Oh, it may be petty, but this was what formed my image of her. I was open, so help me, I was open to people; I stopped at any word on the street; I sought love, wanted love, and could give it myself; but I couldn't give it when things were this way. All this stuck in my mind, you can't cast out your petty displeasures. Even when I fucked her I could not forget this pettiness, could not separate her sweet cunt from her stinginess – stinginess in my view, gentlemen, only in my view.
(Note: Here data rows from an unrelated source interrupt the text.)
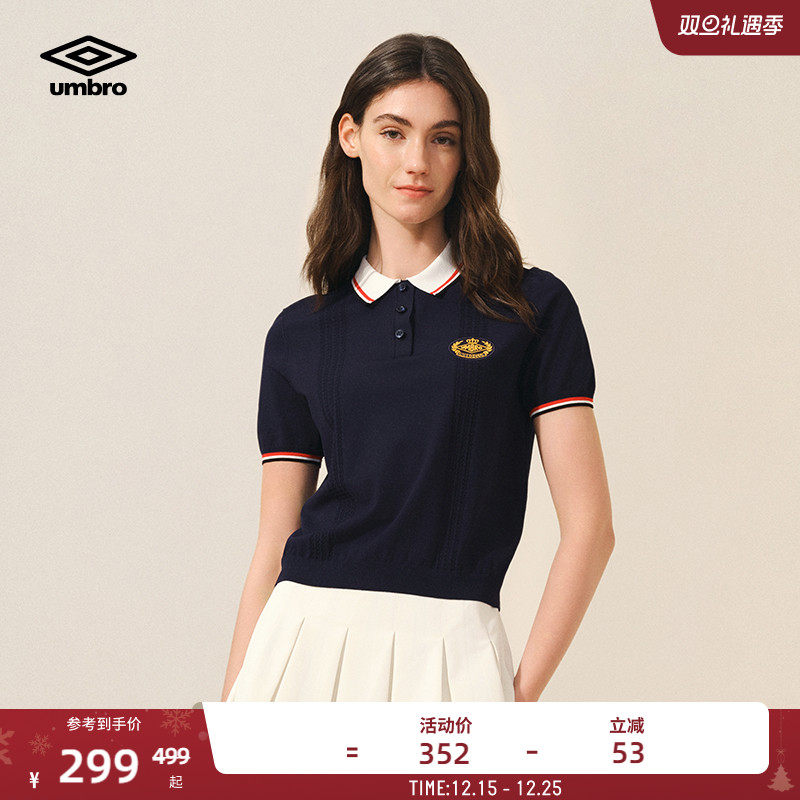 umbro茵宝官方运动Polo衫新款短款女士学院风复古短袖翻领T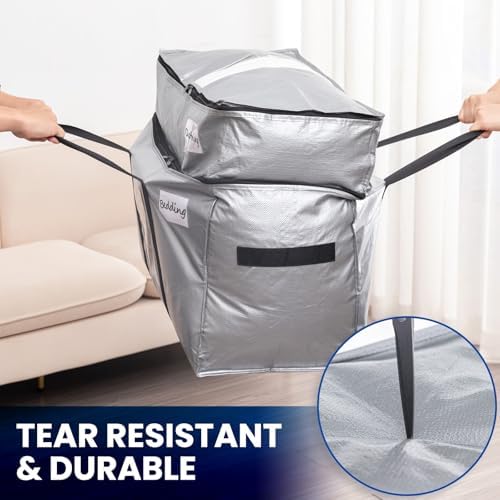 TAILI 2 Tier Moving Bags,2 Pack Silver Storage Bags with Visible Window - Image 5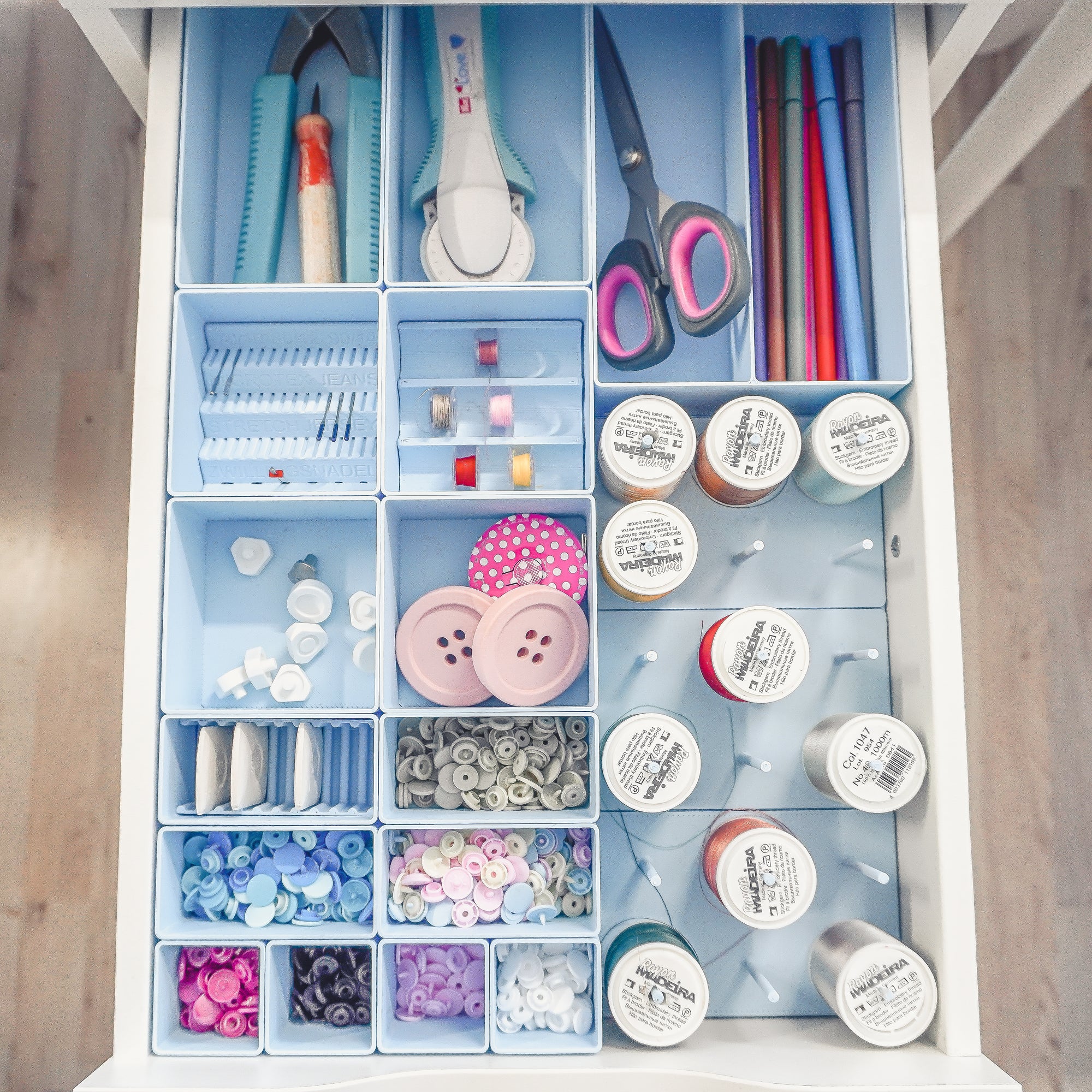 Set L Blau – Schubladen-Organizer für Ikea Alex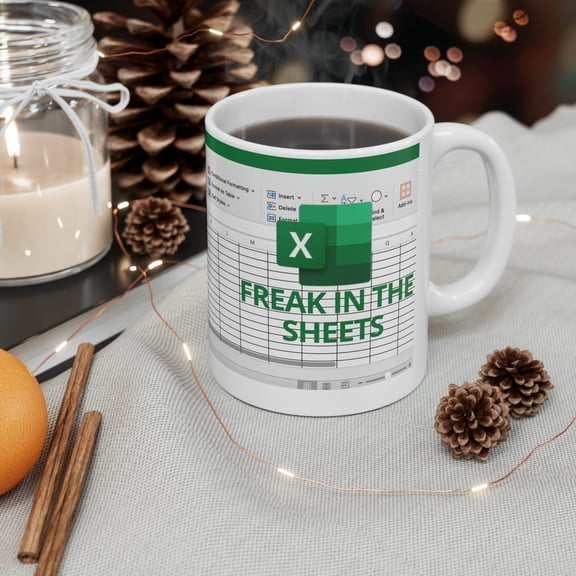 Freak in the Sheets Excel Mug: Funny Office Gift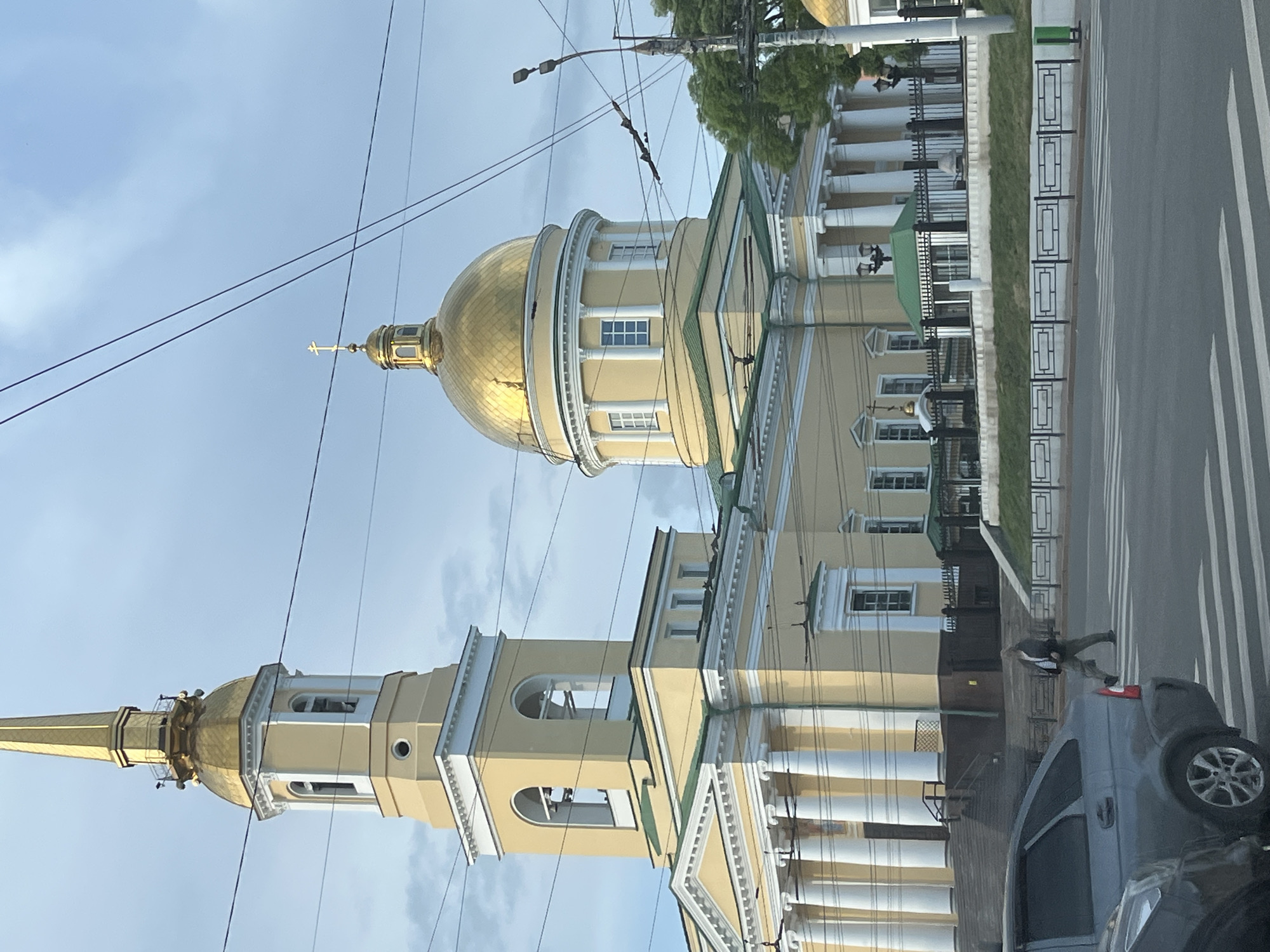 Street activity observed near St. Michael's Cathedral, Izhevsk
To you, perhaps, it's the rule.
I didn't thrust my preference on her. But if she had good wine and we were lovers, I simply could not comprehend why she didn't give it to me. I, after all, begrudged nothing, gentlemen. Such feasts I put on for my guests in Russia, even though a poor man! To celebrate my birthday, for instance, I went to the bazaar with friends and bought fifty pounds of meat, gentlemen, and invited forty people, and bought liquor the Russian way, allowing a bottle of vodka per boy, a bottle of wine per girl. I spent all my money, to my last kopeck, and at times I also borrowed. I had no bank accounts, I cared little what the morrow would bring. "God will give the day, God will give us food," as my grandma Vera used to say.